> [Scraped caption text data]:
++++++++

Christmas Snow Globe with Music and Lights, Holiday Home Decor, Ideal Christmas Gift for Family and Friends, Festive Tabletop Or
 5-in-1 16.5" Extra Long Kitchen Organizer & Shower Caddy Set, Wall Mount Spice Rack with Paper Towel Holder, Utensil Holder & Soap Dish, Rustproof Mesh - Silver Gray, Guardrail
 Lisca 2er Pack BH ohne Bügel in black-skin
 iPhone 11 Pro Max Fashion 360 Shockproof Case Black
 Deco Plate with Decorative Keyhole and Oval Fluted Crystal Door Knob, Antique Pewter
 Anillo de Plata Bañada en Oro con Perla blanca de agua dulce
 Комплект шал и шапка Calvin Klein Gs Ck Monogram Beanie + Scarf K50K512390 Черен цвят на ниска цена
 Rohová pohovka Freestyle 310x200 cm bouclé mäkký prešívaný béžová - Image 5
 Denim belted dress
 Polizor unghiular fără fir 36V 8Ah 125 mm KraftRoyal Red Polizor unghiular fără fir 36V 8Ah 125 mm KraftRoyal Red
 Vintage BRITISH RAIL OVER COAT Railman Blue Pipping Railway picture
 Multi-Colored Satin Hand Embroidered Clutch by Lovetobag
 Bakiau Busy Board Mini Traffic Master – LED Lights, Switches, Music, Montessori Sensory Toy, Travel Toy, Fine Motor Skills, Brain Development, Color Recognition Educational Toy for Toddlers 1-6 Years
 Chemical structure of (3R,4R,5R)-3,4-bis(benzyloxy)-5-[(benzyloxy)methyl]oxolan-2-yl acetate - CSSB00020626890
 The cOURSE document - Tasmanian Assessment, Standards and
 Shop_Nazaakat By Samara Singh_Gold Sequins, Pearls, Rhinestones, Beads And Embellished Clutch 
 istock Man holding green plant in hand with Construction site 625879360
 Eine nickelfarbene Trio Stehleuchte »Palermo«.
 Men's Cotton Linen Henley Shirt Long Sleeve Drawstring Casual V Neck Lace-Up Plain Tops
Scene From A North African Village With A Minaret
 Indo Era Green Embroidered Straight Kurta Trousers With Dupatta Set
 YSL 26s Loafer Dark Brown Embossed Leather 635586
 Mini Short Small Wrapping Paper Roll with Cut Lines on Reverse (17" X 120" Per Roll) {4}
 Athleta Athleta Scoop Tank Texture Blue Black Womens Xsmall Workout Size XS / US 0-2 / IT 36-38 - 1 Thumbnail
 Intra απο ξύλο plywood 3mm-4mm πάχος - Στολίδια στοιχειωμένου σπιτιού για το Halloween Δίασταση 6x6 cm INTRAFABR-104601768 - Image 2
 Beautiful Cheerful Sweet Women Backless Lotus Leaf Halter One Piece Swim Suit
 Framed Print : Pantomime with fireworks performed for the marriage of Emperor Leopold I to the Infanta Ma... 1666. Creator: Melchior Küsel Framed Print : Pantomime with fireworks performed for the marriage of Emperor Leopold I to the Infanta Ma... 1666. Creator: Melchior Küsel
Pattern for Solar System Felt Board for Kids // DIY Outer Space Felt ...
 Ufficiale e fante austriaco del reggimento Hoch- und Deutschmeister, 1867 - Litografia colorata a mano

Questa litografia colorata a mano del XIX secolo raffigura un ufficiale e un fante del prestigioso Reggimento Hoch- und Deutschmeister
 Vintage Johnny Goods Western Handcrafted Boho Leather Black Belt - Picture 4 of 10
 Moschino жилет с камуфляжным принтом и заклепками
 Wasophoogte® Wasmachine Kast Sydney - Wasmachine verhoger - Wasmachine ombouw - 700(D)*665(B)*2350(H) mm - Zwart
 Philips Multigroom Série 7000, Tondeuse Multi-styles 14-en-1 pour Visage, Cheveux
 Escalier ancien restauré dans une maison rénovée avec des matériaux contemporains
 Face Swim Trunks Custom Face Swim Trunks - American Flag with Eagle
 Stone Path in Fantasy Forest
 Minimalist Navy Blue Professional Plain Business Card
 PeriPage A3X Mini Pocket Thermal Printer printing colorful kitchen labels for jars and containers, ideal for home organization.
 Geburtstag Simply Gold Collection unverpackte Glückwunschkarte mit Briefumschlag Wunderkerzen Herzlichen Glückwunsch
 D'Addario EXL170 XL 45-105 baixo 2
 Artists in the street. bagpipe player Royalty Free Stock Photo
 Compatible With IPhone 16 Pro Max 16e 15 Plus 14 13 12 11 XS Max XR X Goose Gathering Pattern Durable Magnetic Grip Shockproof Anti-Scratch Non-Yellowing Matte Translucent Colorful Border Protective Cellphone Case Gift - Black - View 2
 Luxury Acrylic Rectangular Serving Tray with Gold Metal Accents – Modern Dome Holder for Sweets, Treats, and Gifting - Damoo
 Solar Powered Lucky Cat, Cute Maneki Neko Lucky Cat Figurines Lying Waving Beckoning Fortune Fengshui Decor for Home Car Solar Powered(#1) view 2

++++++++

> [Exercise goal]:
Reproduce, character for character, only the lines of the preceding data that start at the line with "istock Man holding" and end at the line with "Philips Multigroom Série", both included.

> [Completed task]:
 istock Man holding green plant in hand with Construction site 625879360
 Eine nickelfarbene Trio Stehleuchte »Palermo«.
 Men's Cotton Linen Henley Shirt Long Sleeve Drawstring Casual V Neck Lace-Up Plain Tops
Scene From A North African Village With A Minaret
 Indo Era Green Embroidered Straight Kurta Trousers With Dupatta Set
 YSL 26s Loafer Dark Brown Embossed Leather 635586
 Mini Short Small Wrapping Paper Roll with Cut Lines on Reverse (17" X 120" Per Roll) {4}
 Athleta Athleta Scoop Tank Texture Blue Black Womens Xsmall Workout Size XS / US 0-2 / IT 36-38 - 1 Thumbnail
 Intra απο ξύλο plywood 3mm-4mm πάχος - Στολίδια στοιχειωμένου σπιτιού για το Halloween Δίασταση 6x6 cm INTRAFABR-104601768 - Image 2
 Beautiful Cheerful Sweet Women Backless Lotus Leaf Halter One Piece Swim Suit
 Framed Print : Pantomime with fireworks performed for the marriage of Emperor Leopold I to the Infanta Ma... 1666. Creator: Melchior Küsel Framed Print : Pantomime with fireworks performed for the marriage of Emperor Leopold I to the Infanta Ma... 1666. Creator: Melchior Küsel
Pattern for Solar System Felt Board for Kids // DIY Outer Space Felt ...
 Ufficiale e fante austriaco del reggimento Hoch- und Deutschmeister, 1867 - Litografia colorata a mano

Questa litografia colorata a mano del XIX secolo raffigura un ufficiale e un fante del prestigioso Reggimento Hoch- und Deutschmeister
 Vintage Johnny Goods Western Handcrafted Boho Leather Black Belt - Picture 4 of 10
 Moschino жилет с камуфляжным принтом и заклепками
 Wasophoogte® Wasmachine Kast Sydney - Wasmachine verhoger - Wasmachine ombouw - 700(D)*665(B)*2350(H) mm - Zwart
 Philips Multigroom Série 7000, Tondeuse Multi-styles 14-en-1 pour Visage, Cheveux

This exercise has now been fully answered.